Anyone have dimensions, or a template, or really good pictures of the rear seat belt anchor bolt locations? My 65 GTO doesn't have rear belts. I currently have the whole interior out, and am at a point where I want to install new anchors for the rear seat belts. Any info would be great! Thanks


----------



## cij911 (Oct 25, 2017)

I'll post pictures of where I drilled holes, but there is obviously no factory template. (Just avoid the rear suspension and frame.)


----------



## PontiacJim (Dec 29, 2012)

The 1965 Chevelle would have been the same. Found this on the Chevelle website which gives you dimensions. The floor anchor is a large washer because the rear seat belts were an option.
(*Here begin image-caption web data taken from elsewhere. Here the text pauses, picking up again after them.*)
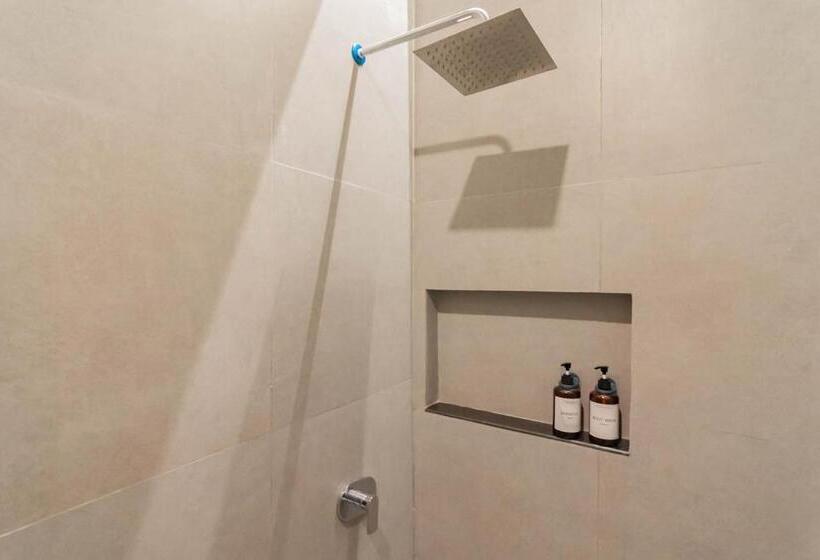 Номер Deluxe, Urbanview Hotel Sagara Bogor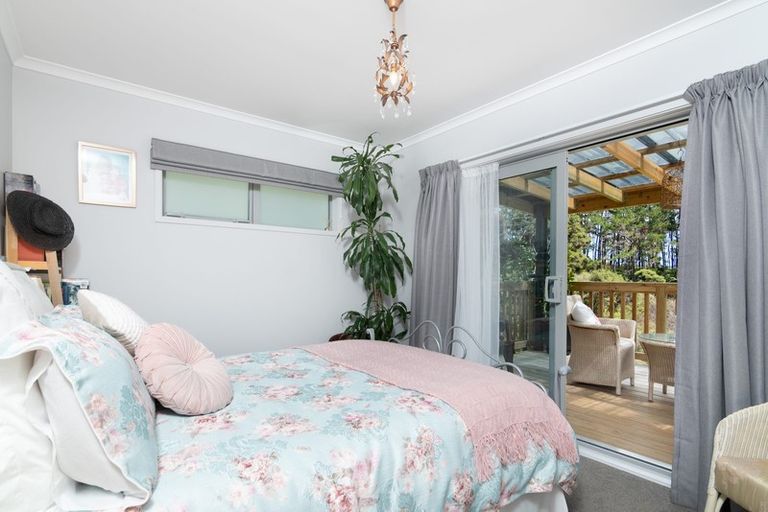 Photo of property in 93 Mcentee Road, Waitakere, Auckland, 0816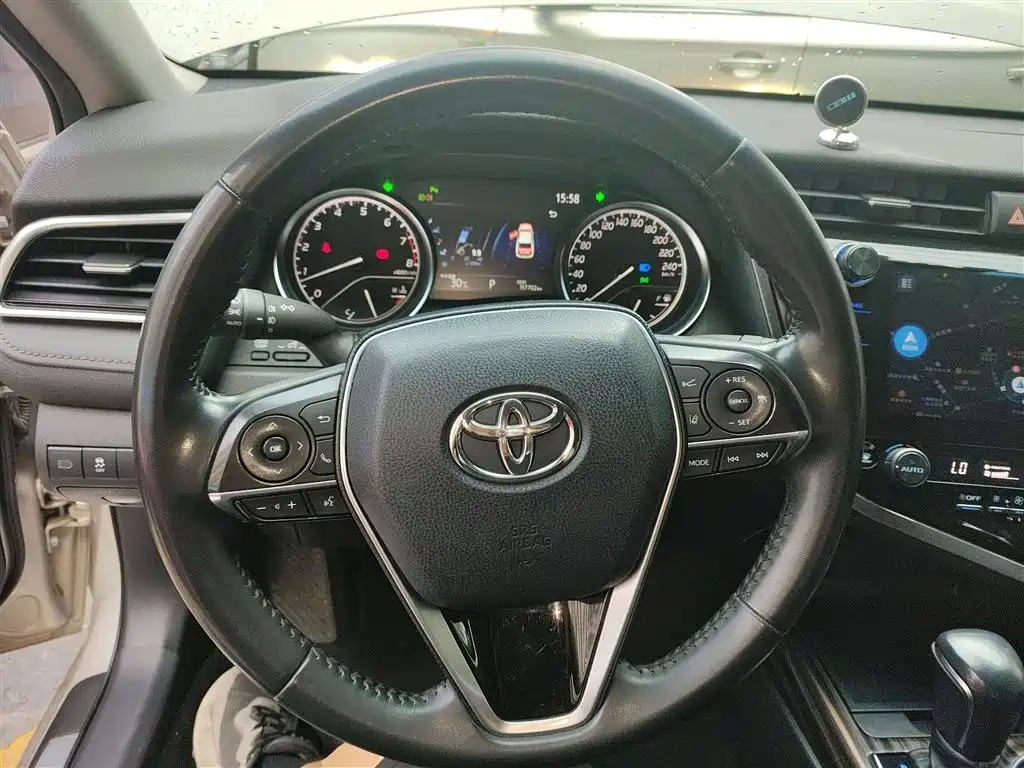 Toyota Camry 2019 2.5G Luxury Edition China VI фото 11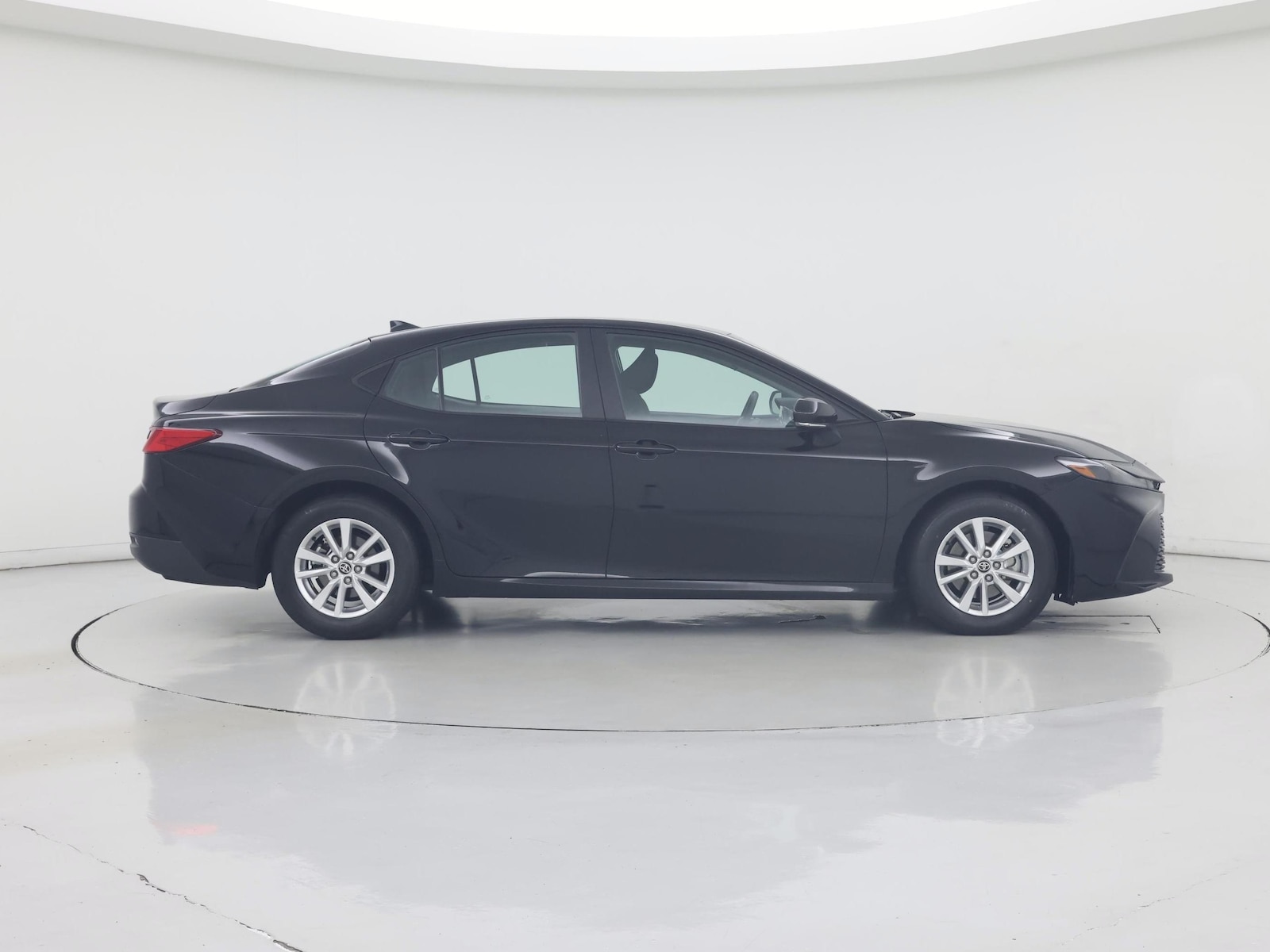 2025 Toyota Camry LE - Photo 8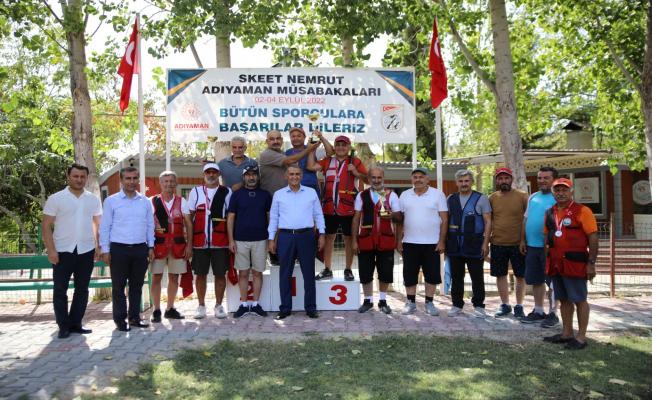 Atıcılık Nemrut Kupası şampiyonları kupa ve madalyalarını aldı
Later years, 1966 and up had the larger plate style anchors. Hope this helps. Click on the attachment to bring it to view and then click on it again to expand it to full size. :thumbsup:


----------



## 2ocnorb (Oct 21, 2016)

Great, thanks for the info!


----------



## 2ocnorb (Oct 21, 2016)

Thanks PontiacJim! I used the information you gave me, and lo and behold, there were actually dimples in the panel at those exact dimensions!!! I made my own heavy duty anchors, and am currently installing them (welded in) I’ll post a pic when I finish.Thanks again


----------



## michaelfind (Dec 14, 2018)

PontiacJim said:


> The 1965 Chevelle would have been the same. Found this on the Chevelle website which gives you dimensions. The floor anchor is a large washer because the rear seat belts were an option. Later years, 1966 and up had the larger plate style anchors. Hope this helps. Click on the attachment to bring it to view and then click on it again to expand it to full size. :thumbsup:


Yes, thank you PontiacJim. You have been helpful for my project as well. I'm also adding some rear seat belts to a 65 GTO and wondered where to anchor them.


----------